Louisville sophomore Melanie Reichert passed away Sunday, November 24, 2013. Reicherts WKU friends and classmates gathered for a candle light vigil in which they took turns sharing stories and fond memories of Melanie. Vinnie Tallarico, Reicherts high school boyfriend, shares the ways in which Melanie touched his life. “She really shaped who I am, I would be a completely different person without her,” Tallarico says, “She taught me to believe in myself and other people. She was something else and I was lucky to know her.” 

Anna Lawson

Three weeks after Melanie Reichert’s death, students are continuing to celebrate the life of a classmate, friend and inspiration.

On Tuesday, an intimate group of students gathered together in the brisk December evening in front of the Fine Arts Center for a candlelight vigil in Reichert’s honor. The group began the commemoration by sharing memories and thoughts of Reichert, starting off with Lexington sophomore Devan Hall, one of Reichert’s close friends.

“We sat together in class and got along really great from the start,” Hall said to the group. “I wish I had more time with her. We don’t realize how little time we have with one another until it is gone.”

The circle of about 20 friends continued sharing stories full of light and happiness. They all had one underlying message — that Reichert would be missed.

Among the group was Lexington senior Kerr Beebe, Reichert’s boyfriend.

“I was so blessed to be able to spend the small amount of time I did with her,” he said. “She touched each and every one of our lives.”

Also present at the vigil was Reichert’s roommate, Louisville sophomore Sarah Miller. Miller has known Reichert since they were in fifth grade.

“She was vivacious. She loved to take advantage of every opportunity, and she always got involved in whatever she could,” she said.
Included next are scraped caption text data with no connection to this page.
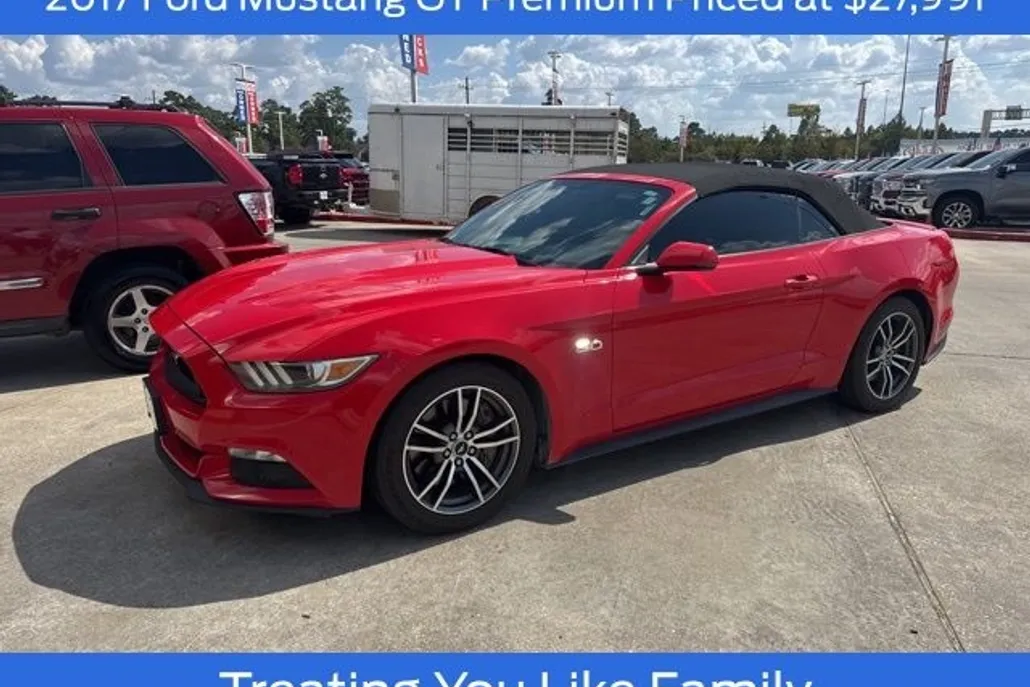 2017 Ford Mustang GT Premium Convertible photo 1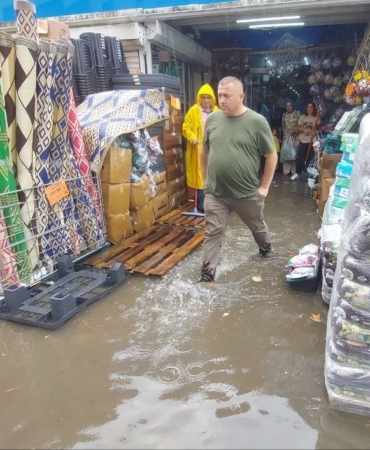 Kocaeli’de yollar nehre döndü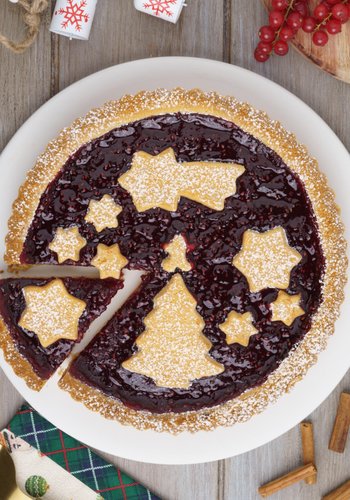 Recipe Christmas Jam Tart with Cinnamon Shortcrust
The vigil was a time for all of Reichert’s closest friends to surround themselves with people who were also touched and inspired by the life Reichert led.

“It was nice to see everyone come out for this,” Miller said. “I really enjoyed being able to share my own memories with her, as well as hear everyone else’s.”

Even people who didn’t know Reichert as a close friend attested to the fact that she had a kind soul and warm personality.

Nashville freshman Corinna Golding, who lived on the same floor as Reichert in Minton Hall, came to remember her fellow resident.

“Everyone on the floor felt that she was a great addition to the group,” Golding said. “She brought a lot of positive energy that will definitely be missed.”

Once everyone had shared their thoughts, Hall wrapped up the vigil with a few words, followed by everyone blowing out their candles. However, even as the candle lights dimmed, spirits remained high as laughter and hope were heard throughout the group.

The students stayed and continued to share more stories from Reichert’s life. New acquaintances exchanged phone numbers and promises to keep in touch, and words of support and encouragement were heard throughout the group.

“I know she will be remembered for her free spirit,” Miller said. “She had an open mind, an open heart and love for everyone.”